I’ve been reading in about half a dozen forums that the limitation boils down to some trivial windows display driver timeout. The semi-solution of buying a second GPU for dedicated processing is hardly a solution to most people - not least because of the fact that most systems (including mine) have but one PCIex16 Slot. I also find it very wastefull to have half the resources sitting there doing nothing except painting windows. Linux is not an option either. Some of the software i need to hook this up to only runs on windows.
And its a real shame that I can’t at least have that tiny on-board ATI gpu drive the display while dedicating my new Nvidia GPU for the stuff which matters!
I also read that Windows XP SP1 has a means of altering this time-out by setting a large BreakPointDelay value in the registry key:
However, this does not seem to have any effect in my version of WinXP SP3 anyway.
Any ideas? Has nobody tried hacking and butchering the windows GDI yet? There’s got to be a way around this pesky timeout!
I also tried breaking up the Kernel code into multiple shorter pieces. But this is not working either since it appears that the TOTAL execution time is what matters in the end. A series of 20 separate 1 second kernel calls (with different parameters) are merely being treated as if they were one 20 second call :-/
I spent all day hacking at this issue and I’m at a loss… and I’d hate to have to give it up so quickly.
If you absolutely can’t find a way to break up your kernels (perhaps try some different things, and ask around here on the forums if you want some feedback), the best solution is really to just run linux.

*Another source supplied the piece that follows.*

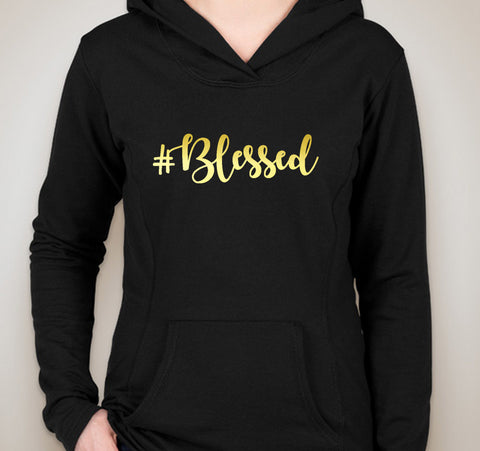 Bruno Mars "24k Magic - #Blessed" Unisex Adult Hoodie Sweatshirt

If you run without a window manager on linux (i.e. from the command line) you can run kernels as long as you like.
You can disable the watchdog timer on windows if you like, but basically due to the underlying driver structure (of windows, not CUDA) after a few seconds the display will freeze until the kernel has finished executing (however long that takes). If you really need to run Windows and you can have a dedicated compute box, perhaps that is a possible solution for you. If you’re planning to distribute your software for commercial purposes (sell it), you should know that Microsoft basically forbids anyone to disable the watchdog in commercial software.
Most kernels that are able to be accelerated by CUDA are also able to be broken up into smaller bits; think about Folding@Home, Badaboom, and so forth…even though their tasks might take minutes or hours, they have still found ways to break their kernels up into individual bits so as not to run afoul of the watchdog timer. Like I said, if you’re new to CUDA, you should ask around the forum for some advice – sometimes there are ways to optimize GPU code that may not be obvious unless you have had to figure them out before ;)
void myKernel(int* INPUTpointer, int* OUTPUTpointer, int N, int Cin)
{
int idx = blockIdx.x * blockDim.x + threadIdx.x; // Calculate a linear index
for( int count = 0; count<REPEATS; count++) // Spending a long time here
{
if (idx < N) OUTPUTpointer[idx] = INPUTpointer[idx] + Cin;
}
As much as I would love to, unfortunately, Linux is not on my list due to other considerations (other software packages that don’t run on linux).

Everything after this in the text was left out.